4. Core Use Cases Mapped to ICP

I had Claude define Flyletter’s core use cases, then cross-reference each one against our ideal customer profile. Systematic. Not creative. That’s the point.
This generated topics that sit at the intersection of “what our product does” and “what our audience actually cares about.” Different from brainstorming because every single topic connects to a real need instead of whatever sounded clever in my head at 11pm on a Sunday.
5. Voice Memo Transcripts

This one’s almost too easy. Whenever I have an idea, I capture it by dictating directly to Flyletter. No structure, no editing, just talking through a thought while it’s fresh.
Turns out, the way you explain something out loud is almost always clearer than the way you’d outline it in a doc, and makes it even easier for AI to capture your voice when it’s time to write. Plus, you capture ideas that would’ve disappeared by the time you sat down (I started doing this because I’m lazy, but it’s become one of my most reliable sources).
Marketers report saving an average of 3 hours per piece when using AI for content creation. But the real savings come from batch-generating topics instead of reinventing the wheel every week.
The ICP Filter: Cutting Everything That Doesn’t Connect
Raw topic generation is only half the battle. You’ll generate more ideas than you need (a good problem to have), but not all of them will be right for your audience.

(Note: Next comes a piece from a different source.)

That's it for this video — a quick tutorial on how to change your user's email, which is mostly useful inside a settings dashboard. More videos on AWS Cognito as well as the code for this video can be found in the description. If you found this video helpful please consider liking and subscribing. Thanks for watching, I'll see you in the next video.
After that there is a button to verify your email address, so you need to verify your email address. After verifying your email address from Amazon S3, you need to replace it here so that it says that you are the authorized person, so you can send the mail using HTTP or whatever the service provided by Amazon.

Here’s what I mean: Claude pulled a topic from the codebase about the specific NLP models we use for voice analysis. Technically fascinating. I could’ve written 2,000 words on embedding strategies and had a great time doing it. But my readers skew founders and business operators, not ML engineers. That topic would’ve made their eyes glaze over in the first paragraph (like it’s probably doing now). Cut.
The pattern became obvious pretty fast. If a topic only excited me because I’m the one building the product, it didn’t belong in this newsletter. Every topic needed to connect to something a reader could actually do. Theory without a “try this” component? Gone.

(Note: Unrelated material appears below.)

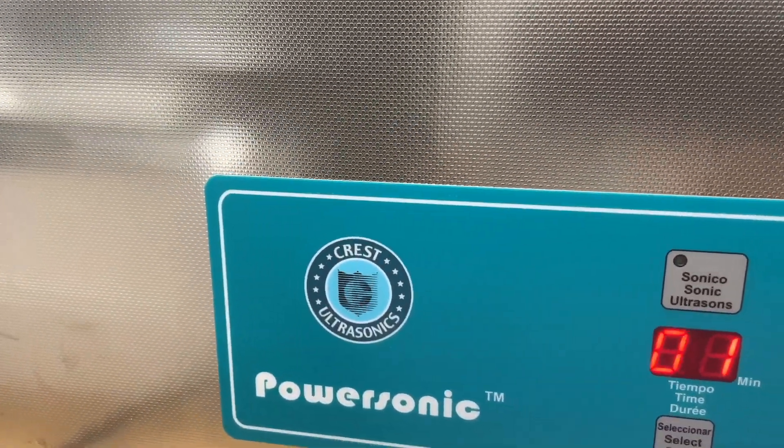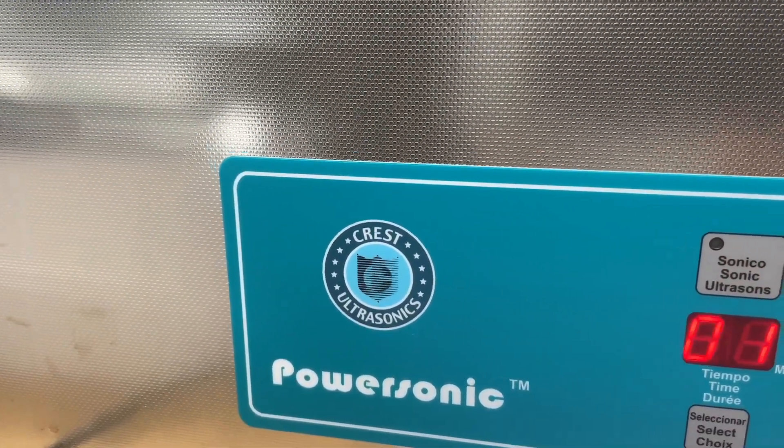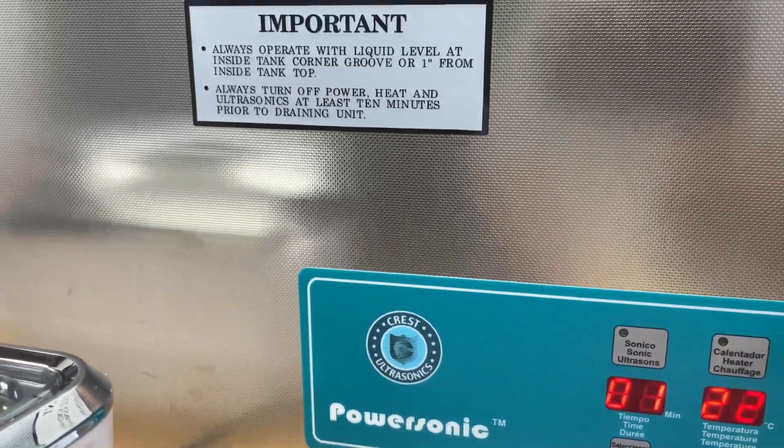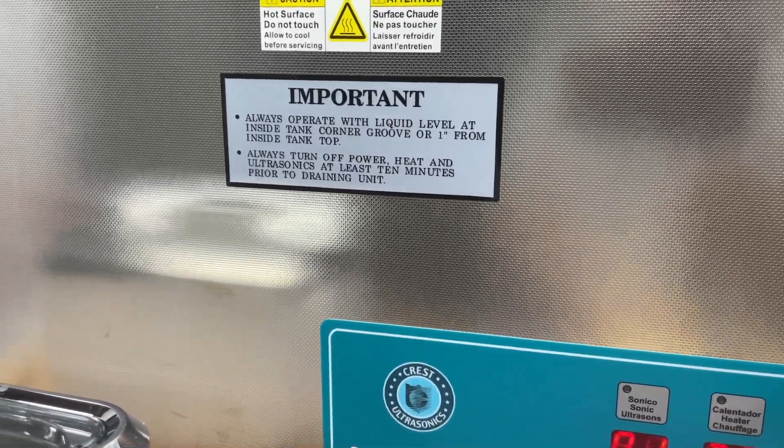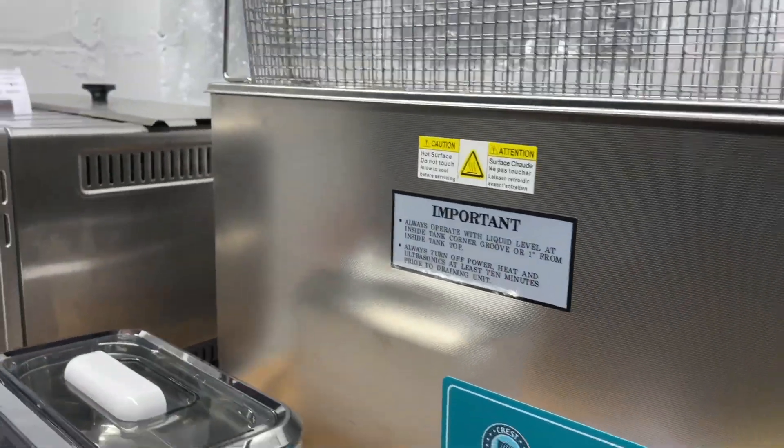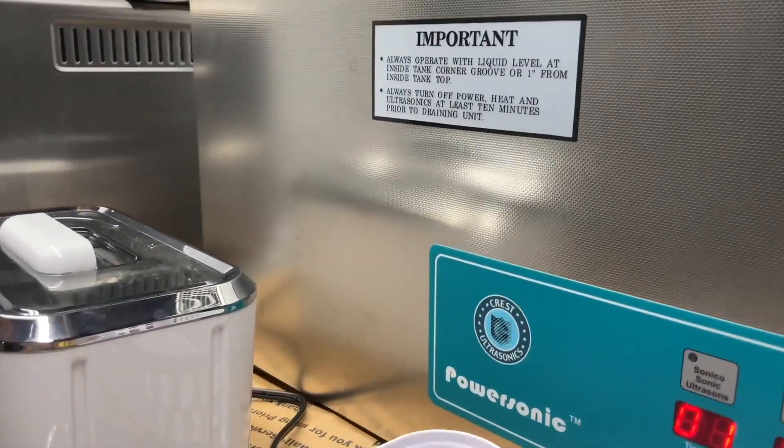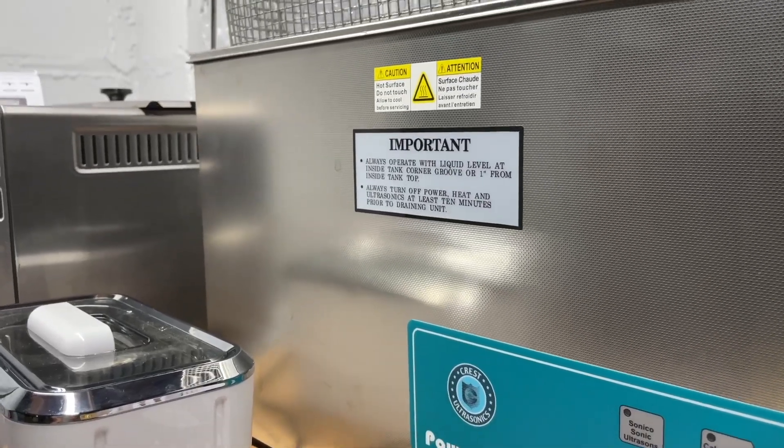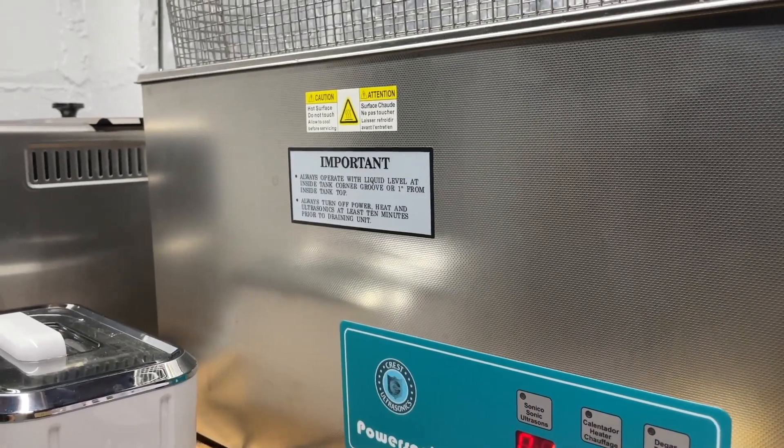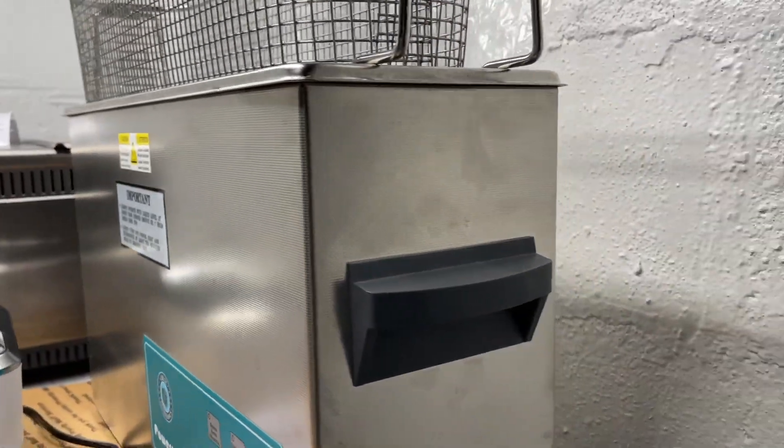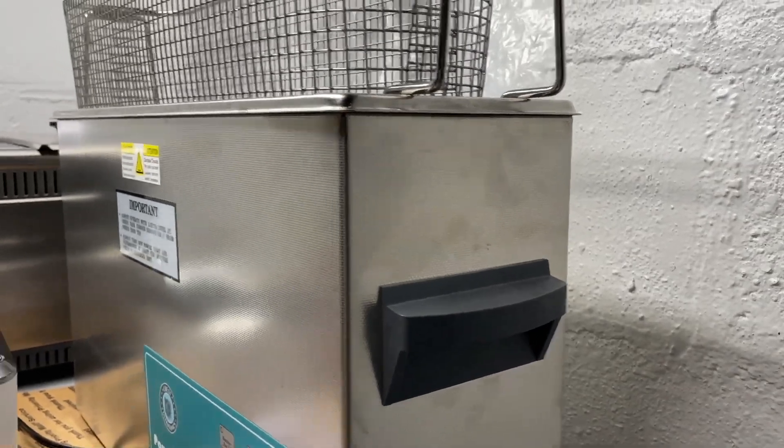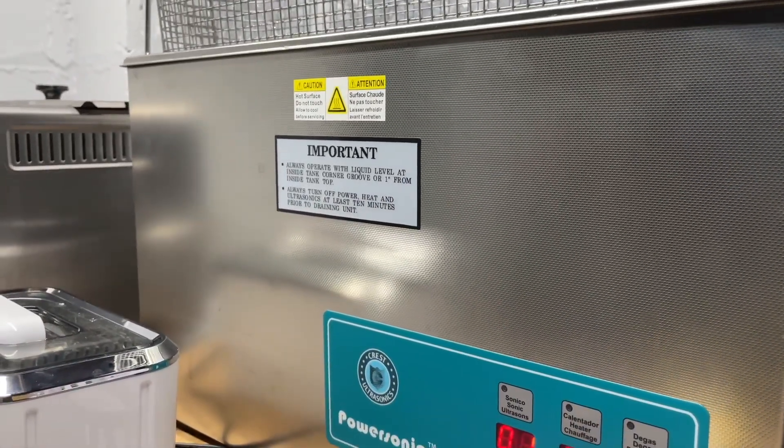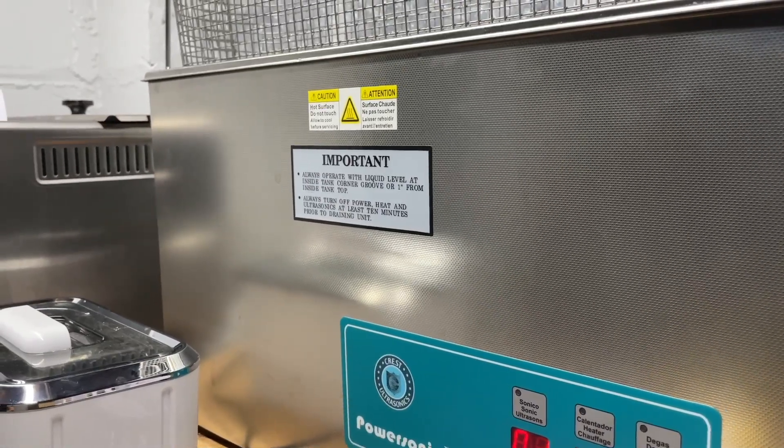This is my cleaner. It is a Crest Ultrasonics 1200D-45. The 45 suggests that this runs at 45 kilohertz. It is a very wide cleaner, but it's not very deep. And this is perfect for the kind of boards that I work on on a daily basis, which is more of the modern Intels.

I also caught myself keeping topics that were relevant to my audience but had zero relationship to what I’m actually building. Random productivity advice, general creator economy takes—stuff that might get clicks but wouldn’t move anyone closer to understanding why systematic newsletter creation matters.
Those got cut too, just less aggressively. Maybe one out of every six or seven issues can wander. But the default is: does this connect back to the thing I’m helping people do?
The filtering killed roughly 40% of what was generated. Which sounds painful, but it’s way better than publishing something nobody asked for and wondering why engagement dropped.
From Topics to Auto-writing: Setting Up the System

Once I had my filtered topic list, I loaded every topic directly into Flyletter and set up an auto-write schedule. From there, Flyletter writes your content while you sleep based on your set writing schedule. All you need to do is review and approve.
After calibrating the voice settings and reviewing the first few drafts, I realized the system was producing work that sounded like me on a good writing day.
The mindset shift is significant. I went from “what do I write this week?” to “what does my quarterly content strategy look like?” That’s a different question entirely. Weekly creative stress became quarterly strategic planning.
And the time I’m not spending on content decisions? I’m spending it on building my product, talking to users, and doing the work that actually moves my business forward.
So, what does your content planning process look like right now? If you’re spending more than an hour each week deciding what to write, try this: gather your codebase, your research, your transcripts, your use case docs, and your audience profile. Feed them into Claude and schedule with Flyletter. See what comes back.
My coffee was still warm when I finished. Yours might be too.